Call for Presentations

Introduction

The fifteenth annual HCSS Conference will be held May 5-8, 2015 at the Historic Inns of Annapolis in Annapolis, Maryland. You are invited to submit a proposal to present a talk at this year's conference. As in previous years, you are also invited to participate in a poster session. See details below for more information.

Background

Our security, safety, privacy, and well-being are all increasingly dependent upon the correctness, reliability, resilience, and integrity of software-intensive systems of all kinds, including cyber-physical systems (CPS). These systems must be capable of interacting correctly, safely, and securely with humans and the physical world even while they operate in changing, difficult-to-predict, and possibly malicious environments. New foundations in science, technology, and methodology continue to be needed. Morever, these methods and tools have to be transitioned into mainstream use to build and assure these systems--and to move towards more effective models for acceptance and certification.

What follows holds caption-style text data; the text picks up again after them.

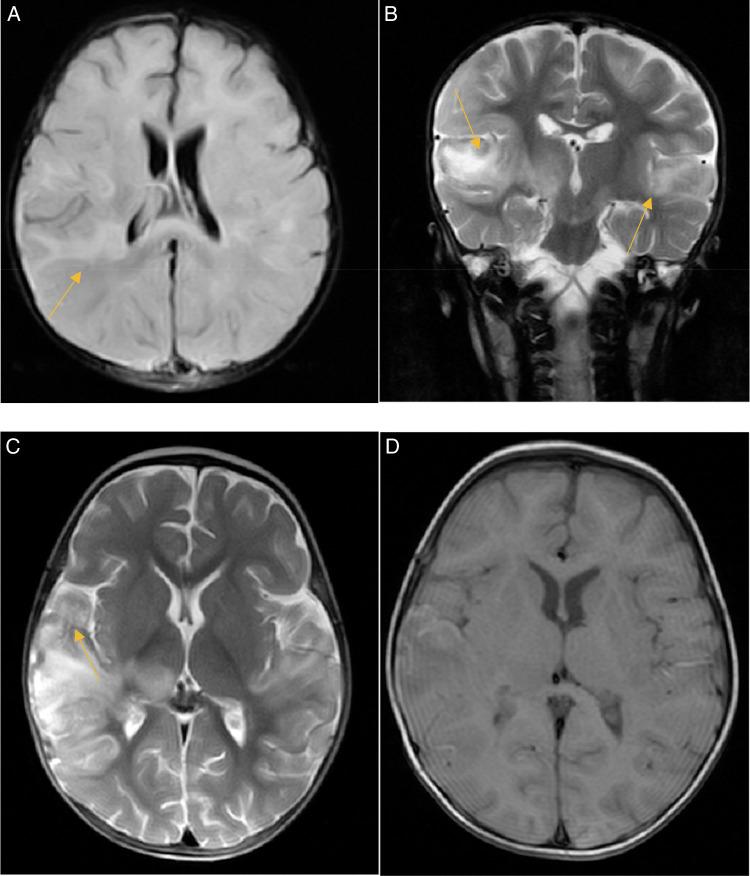 https://cdn.ncbi.nlm.nih.gov/pmc/blobs/2fb6/11152819/85ce98408668/ms9-86-3674-g001.jpg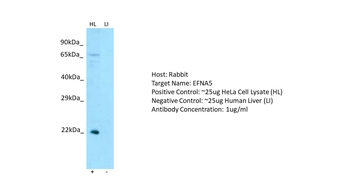 EFNA5 Rabbit Polyclonal Antibody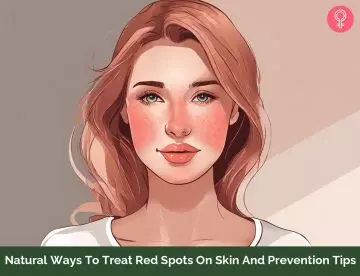 Red spots on face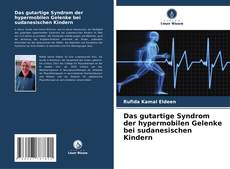 Couverture de Das gutartige Syndrom der hypermobilen Gelenke bei sudanesischen Kindern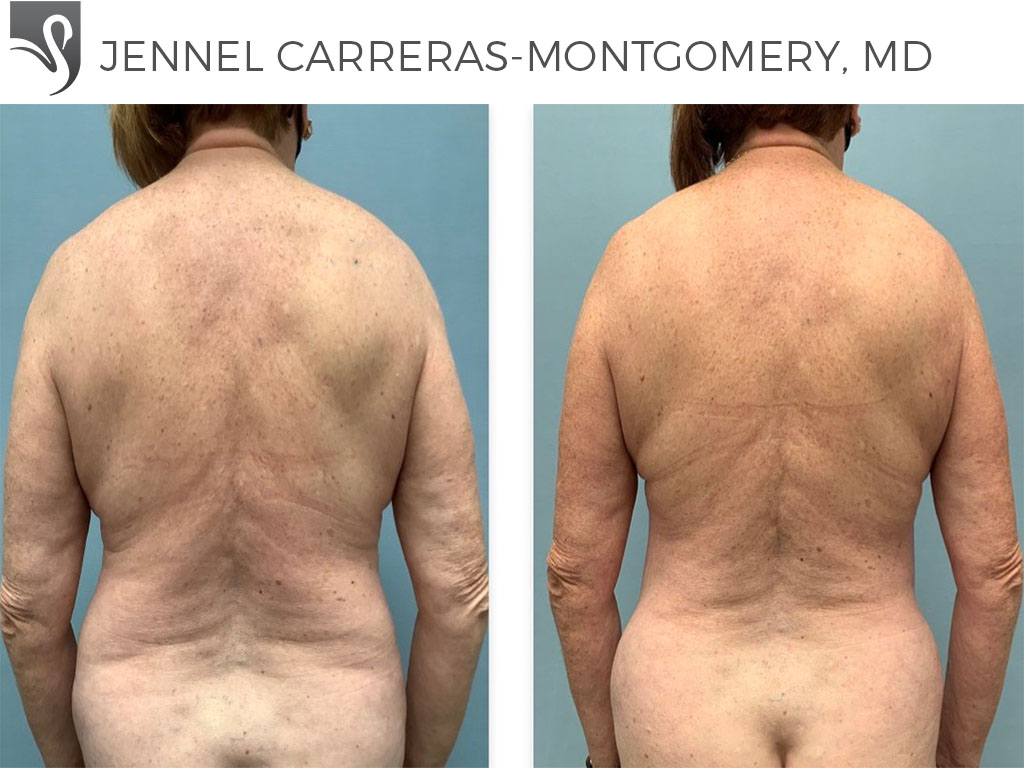 Before and After Image: Liposuction Case #70376
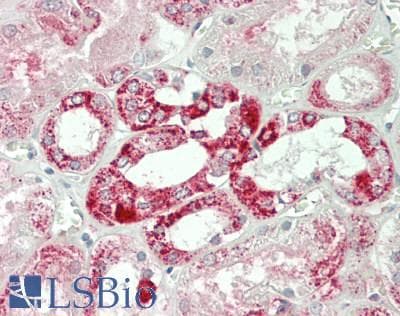 GOT2 Antibody (aa30-430)
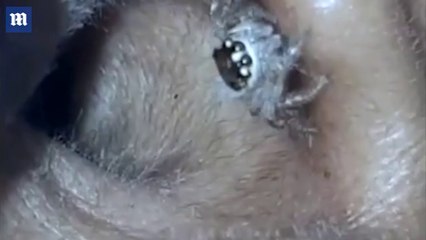 Elle se réveille avec une douleur atroce dans l’oreille. Quand son mari inspecte à l’intérieur, c’est la panique général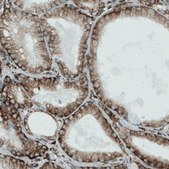 Monoclonal Anti-MTDH antibody produced in mouse Prestige Antibodies&#174; Powered by Atlas Antibodies, clone CL0397, purified immunoglobulin, buffered aqueous glycerol solution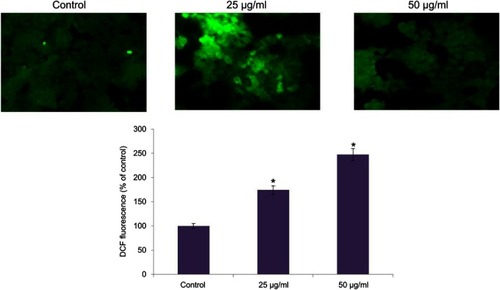 Figure 6 Apoptotic effect of biosynthesized gold nanoparticle from Chinese medicinal herb C. wenyujin (CWAuNPs) on ROS induction in renal carcinoma cell line A498. A498 cells were treated with 25 µg/ml and 50 µg/ml of CWAuNPs for 24 hours and after 24 hours of treatment, the control and treated cells were stained with 2’,7’-dichlorodihydrofluoresceindiacetate (H2DCFDA) for 15 minutes. The experiment was performed three times, and the representative images of each group are presented. *P<0.05.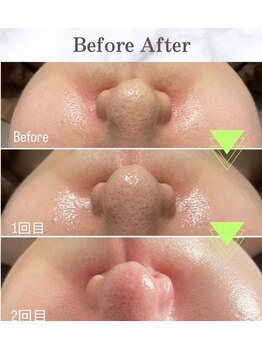 シャンディ(Shandy)/ラミピールで毛穴ケア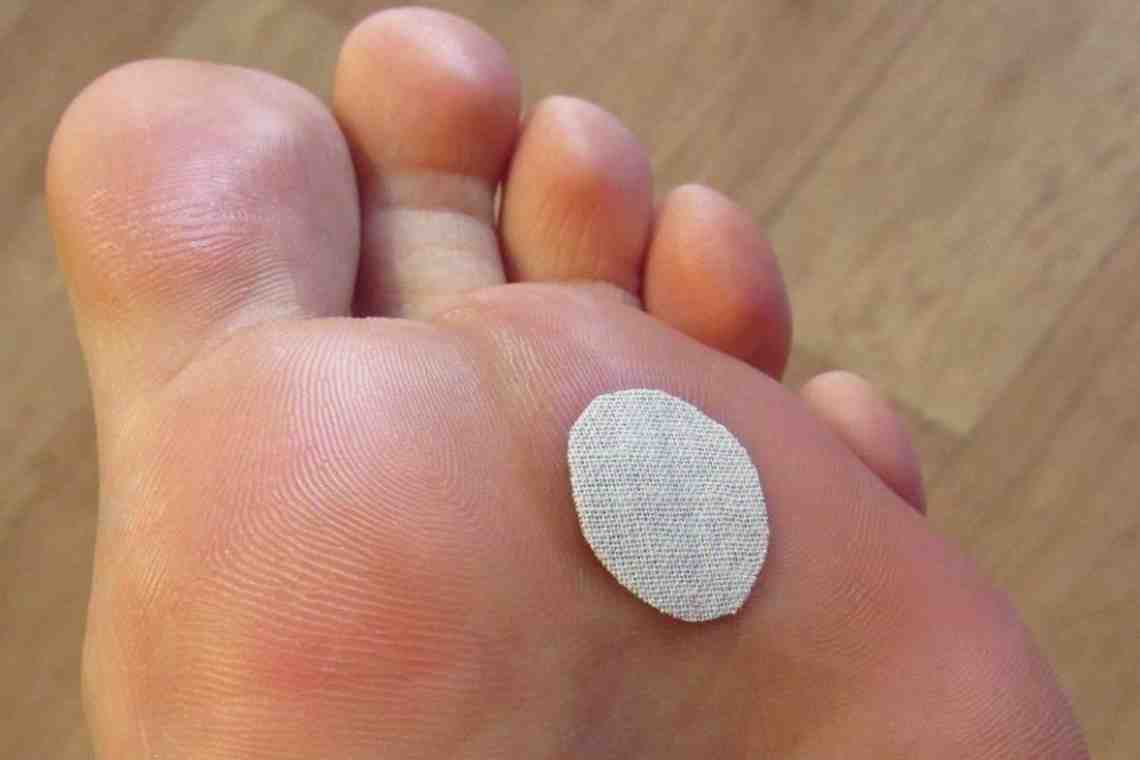 Шипица на пальце: причины появления, лечение медикаментами и народными средствами
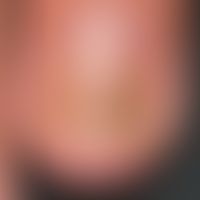 Ölfleck, psoriatischer: subungualer&nbsp;Befall des linken Ringfingers. Scharf abgegrenzte geblic...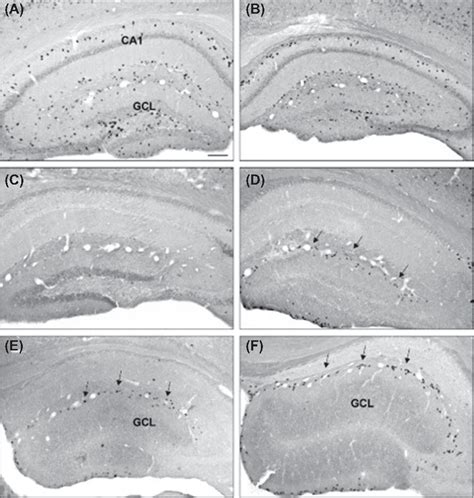 Epilepsy Associated Reelin Dysfunction Induces Granule Cell Dispersion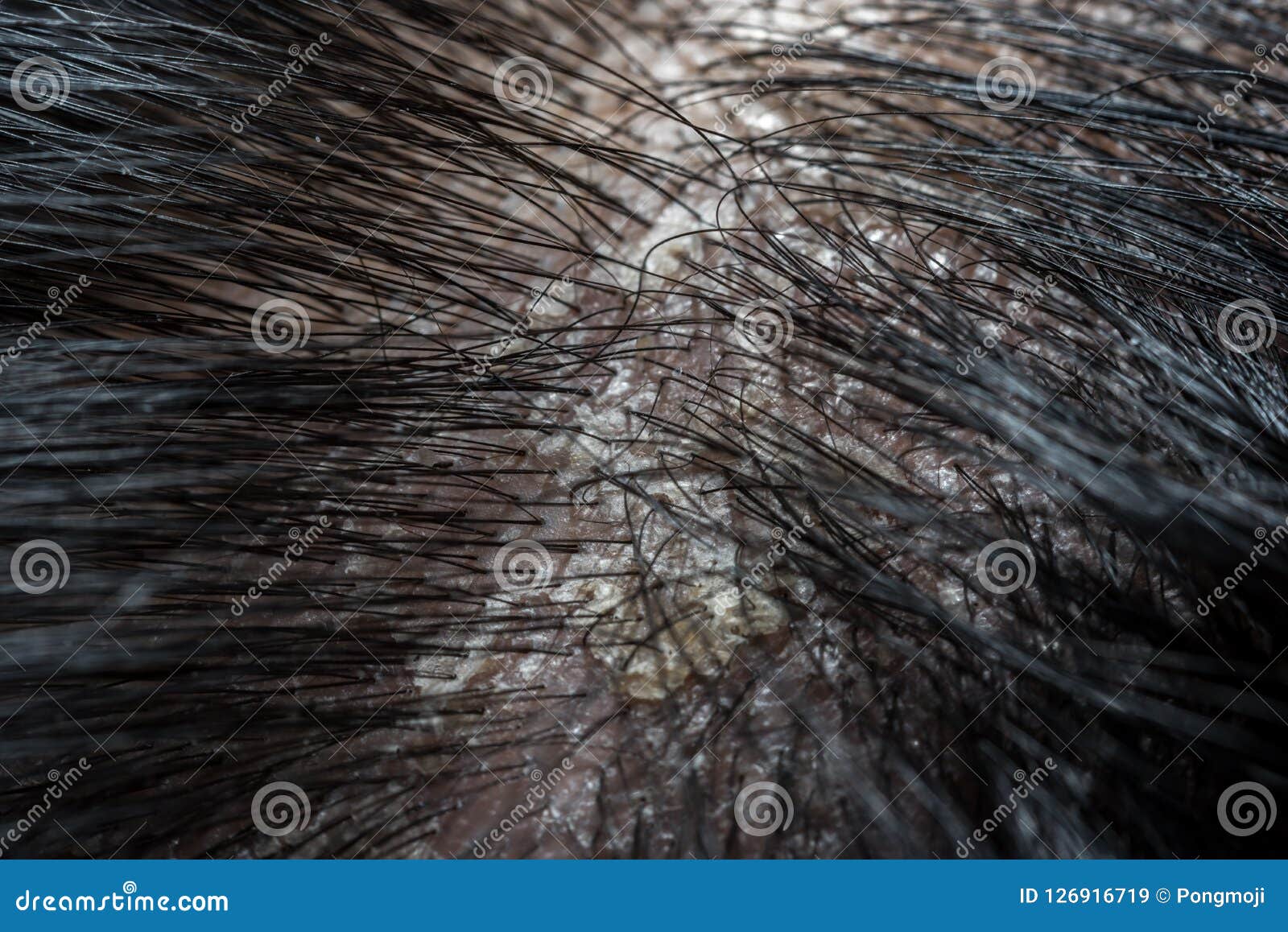 Hair Scalp with Dandruff and Scaly from Psoriasis Stock Image - Image of  background, annoying: 126916719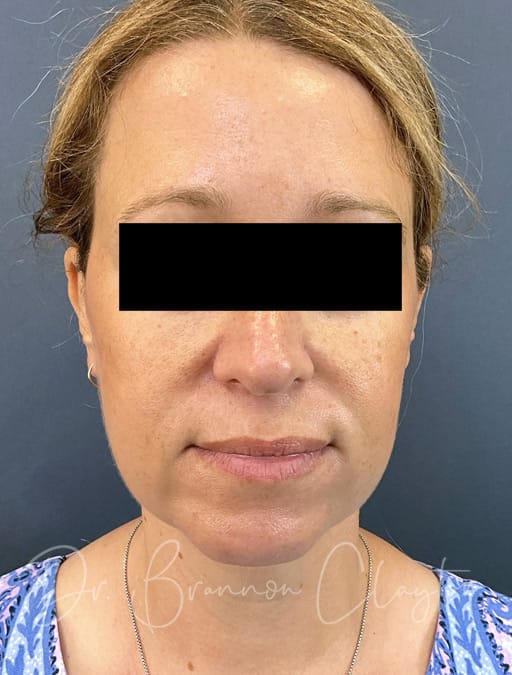 necklift-MyEllevate-44308a-after-3x-cnclaytor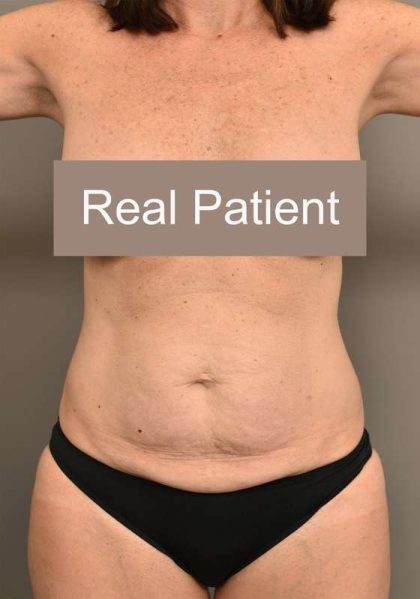 Tummy Tuck Before & After Patient #296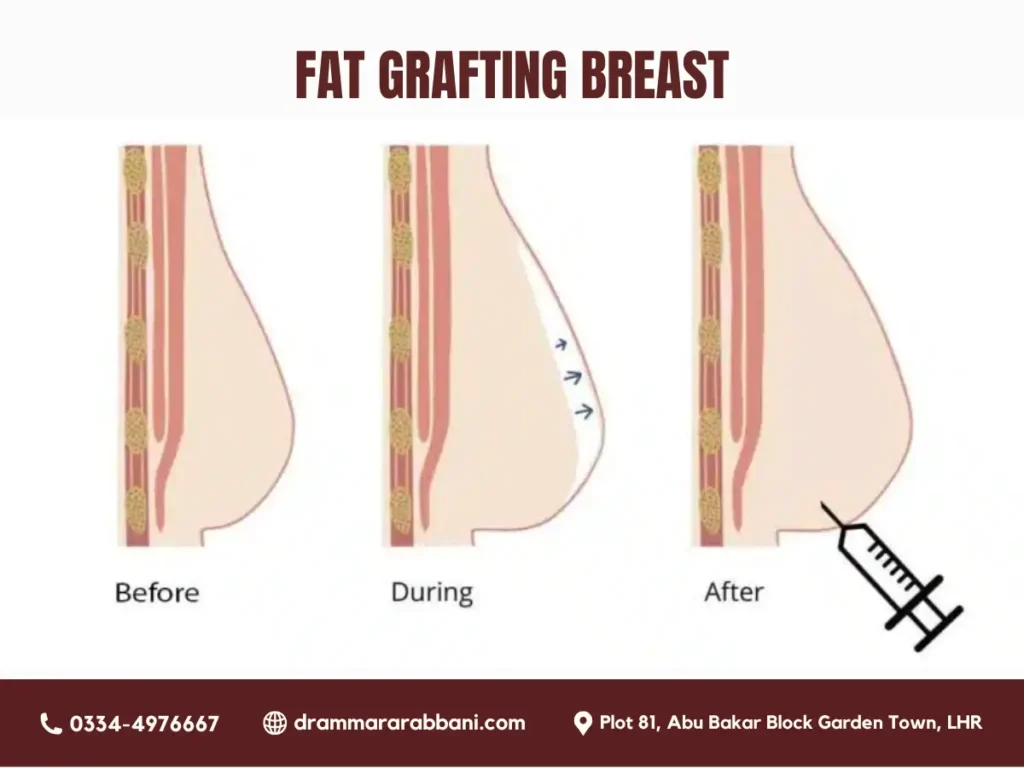 Fat Grafting Breast
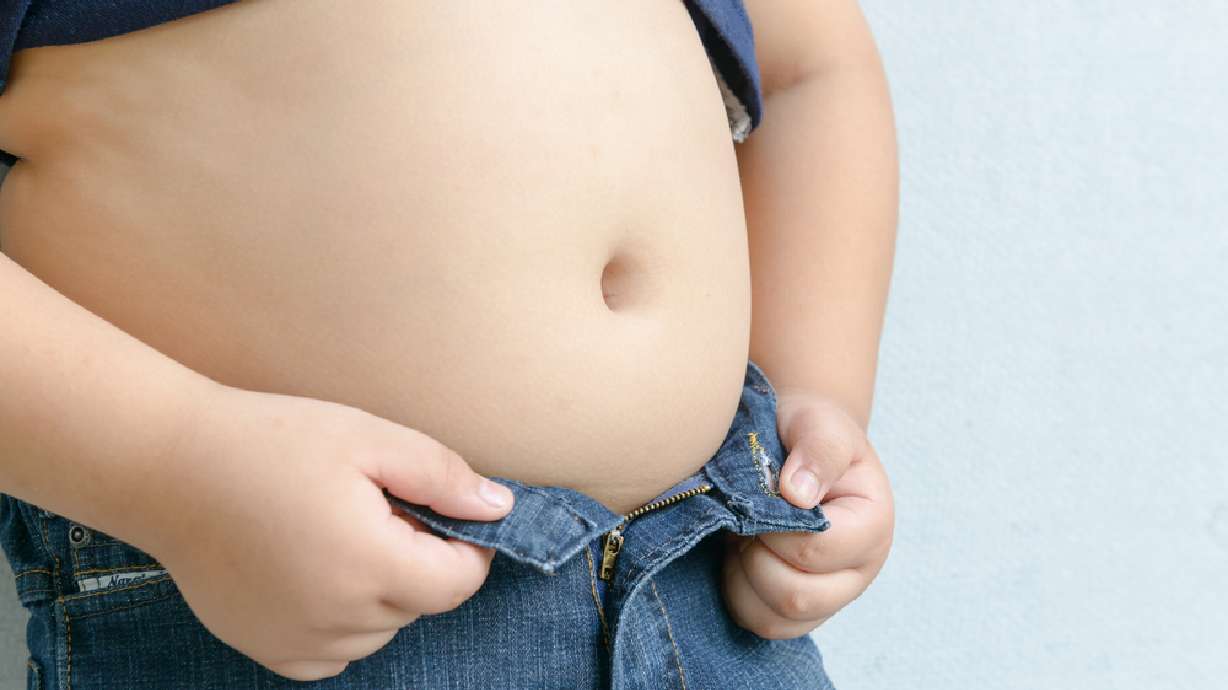 Childhood obesity panel: 40 million kids under 5 overweight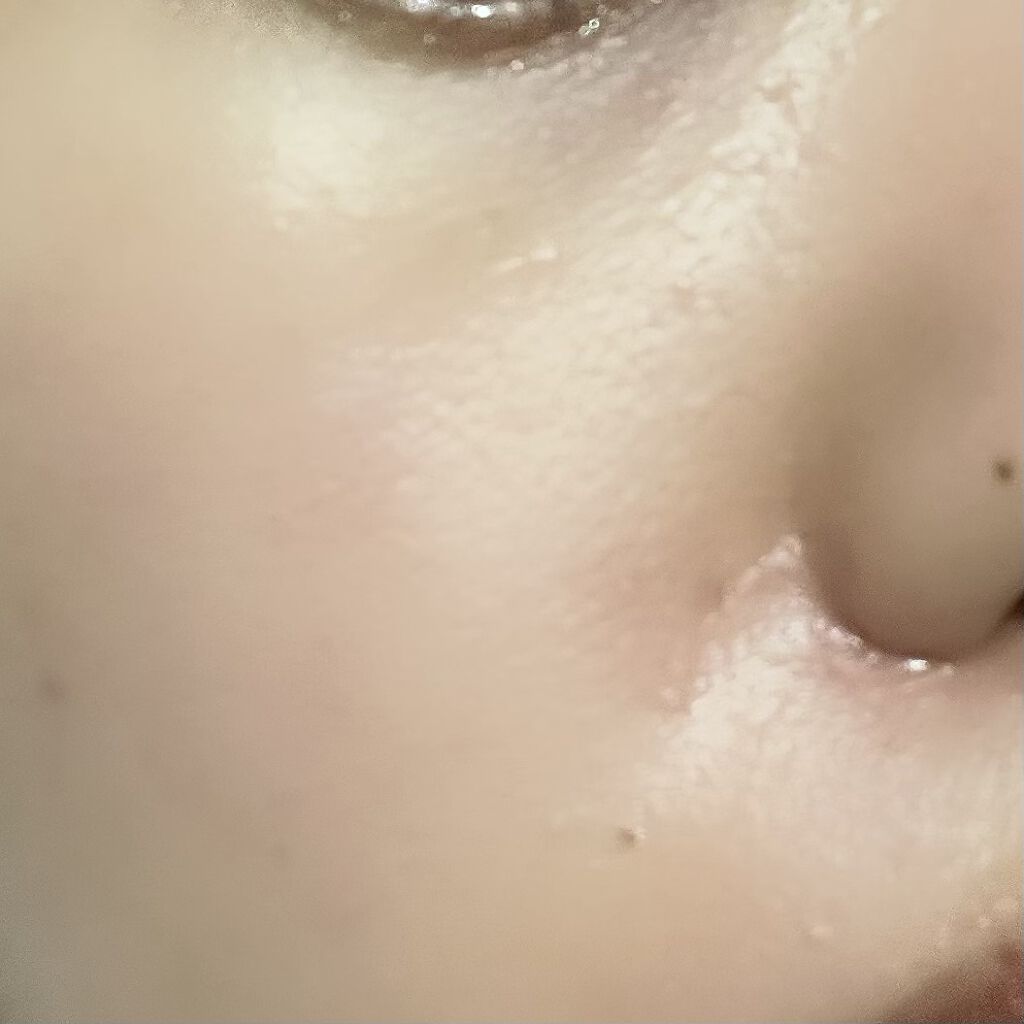 ドクダミ 77 スージングトナー/Anua/化粧水を使ったクチコミ（3枚目）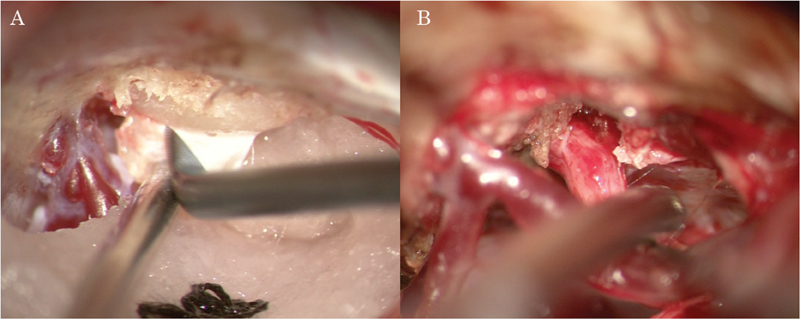 Petroclival Meningioma Resection — Fig. 2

Conference Scope, Goals, and Vision

The High Confidence Software and Systems (HCSS) Conference, now in its second decade, draws together researchers, practitioners, and management leaders from government, universities, and industry. The conference provides a forum for dialogue centered upon the development of scientific foundations for the assured engineering of software-intensive complex computing systems and the transition of science into practice. The technical emphasis of the HCSS conference is on mathematically-based tools and techniques, scientific foundations supporting evidence creation, systems assurance, and security. The HCSS vision is one of engaging and growing a community--including researchers and skilled practitioners--that is focused around the creation of dependable systems that are capable, efficient, and responsive; that can work in dangerous or inaccessible environments; that can support large-scale, distributed coordination; that augment human capabilities; that can advance the mission of national security; and that enhance quality of life, safety, and security.

Conference Themes

We invite submissions on any topic related to high-confidence software and systems that align with the conference scope and goals listed above. In addition, the 2015 HCSS Conference will highlight the following themes:

  • Proof Engineering: As formal-methods tools become practical enough for real-world use, a new set of challenges emerges related to scalability and adoption. Formal proof structures of interesting properties of real systems, like functional correctness of the seL4 microkernel or the CompCert verifying C compiler, can be more than an order of magnitude larger than the artifact being evaluated. How should the proof-base be engineered to ensure it is maintainable, extensible, and efficient, and supports reuse and evolution? A goal is to support the simultaneous evolution of systems and their associated evidence, including proof structures. To be used in practice, formal methods tools must also smoothly fit into industry-specific certification processes, which often require that the tools leave a human-friendly audit trail. For this theme, we seek work on topics such as how to engineer proofs so that they are extensible, maintainable, and reusable; structures for proofs to support scale through composition, truth maintenance, etc.; metatheory for combining different kinds of proof structures; evidence production so that the results of formal-methods tools can be audited; and various approaches to facilitate qualifying formal-methods tools for inclusion in certification processes.
  • Sustainable Integrity: The scale of modern systems often dictates extensive supply chains. This has long been true in the physical domain and now also holds for software systems. How do we introduce assurance into this network of suppliers, ensuring that both accidental defects and malicious changes can be detected during system construction? How can this be done in a way that enables suppliers to protect their intellectual property? Can we establish a root of trust in such a complex environment--and maintain it as systems evolve or adapt dynamically? We seek approaches to validating hardware, software, and data that originate from or are manipulated by untrusted sources, as well as computations that are performed by untrusted parties. We are also interested in approaches to composing validation of components to obtain validation of subsystems.
  • Privacy: Privacy has recently jumped from being the concern of specialists to a national-scale conversation. When we interact with others online, whether explicitly through traditional interfaces or implicitly through embedded systems, we have very little visibility or confidence about how personal information is being collected and used. A high-confidence system demands more than just correctness in the final answers produced: it also implies appropriate non-functional behaviors such as performance guarantees and, now, bounds on what data is being shared or leaked. Rather than relying on intuition, what evidence might be produced to validate good privacy practices? For this theme we seek work on topics such as principled design methods for building privacy-aware systems, approaches to modeling and reasoning about different aspects of privacy; evidence-based approaches to privacy modeling and engineering; and tools and techniques for assessing the privacy of new or existing computational systems.

Conference Presentations

The conference program features invited speakers, panel discussions, poster presentations, and a relevant and compelling technical track.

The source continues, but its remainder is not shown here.